Saturday, 4 May 2013

Are fiction writers just dirty little liars?


     When do readers expect fiction to be “true”? OK that’s a contradiction in terms. Fiction is about imaginary events and people; invented or fabricated as opposed to fact. So why do we sometimes want to hold writers to account and complain their description of a certain place is inaccurate or an event does not ring true?
     I came to this subject through Bruce Chatwin’s Songlines, which I read on first publication in 1986/7. It is not clear which year it first came out. I enjoyed this novel and admired Chatwin. On the Black Hill ranks as an all time favourite. Set in Wales, it evokes rural farm life and the small surrounding community. Chatwin amalgamated real places and people into his storyline but I didn’t think for a moment the story was the truth, the whole truth and nothing but the truth.
     Why then did I feel such disappointment when I read in an interview with Chatwin at the time of Songlines’ publication, that he had never visited Australia. In the novel he describes a trip through the Australian Outback in which he researches Aboriginal song and its influence on nomadic travel. His convincing descriptions led me to believe he was writing from personal experience. Yet he was actually writing from thorough research. Shouldn’t I have been happy that his research was so impressive and detailed it gave flight to the first half of the book.

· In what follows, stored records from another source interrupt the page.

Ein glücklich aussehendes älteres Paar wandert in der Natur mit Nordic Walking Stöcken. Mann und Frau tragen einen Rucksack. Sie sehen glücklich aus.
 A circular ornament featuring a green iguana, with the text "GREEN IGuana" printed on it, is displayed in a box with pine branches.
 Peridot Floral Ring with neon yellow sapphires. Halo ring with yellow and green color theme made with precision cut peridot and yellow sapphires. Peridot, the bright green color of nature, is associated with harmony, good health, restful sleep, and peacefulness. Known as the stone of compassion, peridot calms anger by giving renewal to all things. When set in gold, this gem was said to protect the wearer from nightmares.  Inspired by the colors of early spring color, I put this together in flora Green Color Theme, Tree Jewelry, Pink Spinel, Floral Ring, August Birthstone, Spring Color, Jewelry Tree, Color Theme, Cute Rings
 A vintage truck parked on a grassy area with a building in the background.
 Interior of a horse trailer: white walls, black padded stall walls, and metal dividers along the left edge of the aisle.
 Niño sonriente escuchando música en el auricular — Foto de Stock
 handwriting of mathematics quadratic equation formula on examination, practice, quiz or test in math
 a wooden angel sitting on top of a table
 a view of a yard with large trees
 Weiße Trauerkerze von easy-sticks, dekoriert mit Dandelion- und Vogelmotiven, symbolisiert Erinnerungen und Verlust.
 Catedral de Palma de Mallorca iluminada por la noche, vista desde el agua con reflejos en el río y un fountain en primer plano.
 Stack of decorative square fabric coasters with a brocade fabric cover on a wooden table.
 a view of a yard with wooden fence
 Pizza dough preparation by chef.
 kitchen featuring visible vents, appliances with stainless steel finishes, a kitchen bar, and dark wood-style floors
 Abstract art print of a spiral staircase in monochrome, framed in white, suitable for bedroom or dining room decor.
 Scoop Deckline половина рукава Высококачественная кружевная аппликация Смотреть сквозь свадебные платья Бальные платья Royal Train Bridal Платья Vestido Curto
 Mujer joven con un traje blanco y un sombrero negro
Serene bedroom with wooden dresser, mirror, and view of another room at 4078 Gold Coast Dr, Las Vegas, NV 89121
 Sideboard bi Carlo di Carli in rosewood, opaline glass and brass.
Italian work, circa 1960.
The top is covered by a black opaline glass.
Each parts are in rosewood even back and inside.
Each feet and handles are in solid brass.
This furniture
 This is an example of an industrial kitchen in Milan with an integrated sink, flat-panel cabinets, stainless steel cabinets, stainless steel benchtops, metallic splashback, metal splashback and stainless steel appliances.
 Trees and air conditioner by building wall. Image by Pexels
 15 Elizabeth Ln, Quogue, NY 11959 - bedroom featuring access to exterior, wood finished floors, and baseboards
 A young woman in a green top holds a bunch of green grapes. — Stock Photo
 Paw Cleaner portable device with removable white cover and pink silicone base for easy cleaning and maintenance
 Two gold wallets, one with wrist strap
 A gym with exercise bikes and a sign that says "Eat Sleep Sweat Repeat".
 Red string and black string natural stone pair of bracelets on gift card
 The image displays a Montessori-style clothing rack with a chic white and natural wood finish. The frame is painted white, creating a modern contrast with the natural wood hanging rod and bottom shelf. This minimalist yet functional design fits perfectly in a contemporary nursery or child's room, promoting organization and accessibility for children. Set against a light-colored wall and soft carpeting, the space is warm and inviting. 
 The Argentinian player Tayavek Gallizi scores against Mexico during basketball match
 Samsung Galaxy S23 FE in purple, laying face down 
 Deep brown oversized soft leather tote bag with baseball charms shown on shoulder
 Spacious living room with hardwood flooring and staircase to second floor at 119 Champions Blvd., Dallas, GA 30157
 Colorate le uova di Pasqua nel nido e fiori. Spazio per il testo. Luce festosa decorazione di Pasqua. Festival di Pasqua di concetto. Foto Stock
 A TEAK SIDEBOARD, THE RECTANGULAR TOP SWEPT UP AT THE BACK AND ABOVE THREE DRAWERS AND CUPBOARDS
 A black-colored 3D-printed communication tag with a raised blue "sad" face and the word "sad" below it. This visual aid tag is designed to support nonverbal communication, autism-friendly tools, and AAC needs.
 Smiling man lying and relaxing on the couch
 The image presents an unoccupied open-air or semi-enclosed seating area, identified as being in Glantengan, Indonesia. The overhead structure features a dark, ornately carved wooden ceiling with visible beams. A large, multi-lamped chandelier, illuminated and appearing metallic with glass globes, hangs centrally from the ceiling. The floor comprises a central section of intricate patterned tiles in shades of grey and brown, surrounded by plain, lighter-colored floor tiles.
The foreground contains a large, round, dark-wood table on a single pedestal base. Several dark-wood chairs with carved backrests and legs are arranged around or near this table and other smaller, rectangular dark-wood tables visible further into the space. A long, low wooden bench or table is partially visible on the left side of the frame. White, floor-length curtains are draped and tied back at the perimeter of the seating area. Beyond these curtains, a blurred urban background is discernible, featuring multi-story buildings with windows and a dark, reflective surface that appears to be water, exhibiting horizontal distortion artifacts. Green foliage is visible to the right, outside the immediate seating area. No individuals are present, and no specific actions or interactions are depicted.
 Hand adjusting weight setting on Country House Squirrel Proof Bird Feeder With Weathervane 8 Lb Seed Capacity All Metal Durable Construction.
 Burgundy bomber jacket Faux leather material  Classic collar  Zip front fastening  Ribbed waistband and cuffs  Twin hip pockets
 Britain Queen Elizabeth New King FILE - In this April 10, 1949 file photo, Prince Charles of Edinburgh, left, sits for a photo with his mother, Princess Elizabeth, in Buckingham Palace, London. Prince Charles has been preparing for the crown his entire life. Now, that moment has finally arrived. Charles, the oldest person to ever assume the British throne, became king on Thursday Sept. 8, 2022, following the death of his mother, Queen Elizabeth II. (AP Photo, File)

     Over many years it kept niggling whenever I saw the book on my shelves. How could someone write with authenticity about the Outback and Aboriginal culture, without having first-hand experience. Well, writers do that all the time. But perhaps because Chatwin was using Aboriginal culture in his novel the idea he was working purely from research didn’t sit well with me. In 1987, post publication, Chatwin seems to have made a hastily arranged visit to the area north of Adelaide, but so many years after the event, it is hard to verify the actual facts. Does it matter anyway? On reflection, I think I was taking the book too personally. Here was an outsider writing about my country. Just like friends and family who recognise elements of themselves in novels and take umbrage at perceived inaccuracies, I felt there must be something false in Chatwin’s work.
     
     The truth is, out of necessity and creative drive, writers invent, imagine and create. Sadly, not many of us are that interesting, nor do we enjoy lots of interesting encounters or experiences. Many are saddled with dull personalities lacking in intellect etc. You get the picture. So in order to present interesting characters and plots, writers combine a snip from here and a snip from there, shaping their stories through the real and the imagined. Readers need only be concerned if something untrue is intentionally represented as true. It’s fine to fabricate, as long as it’s fiction. Though there have been plenty of non-fiction fabrications too.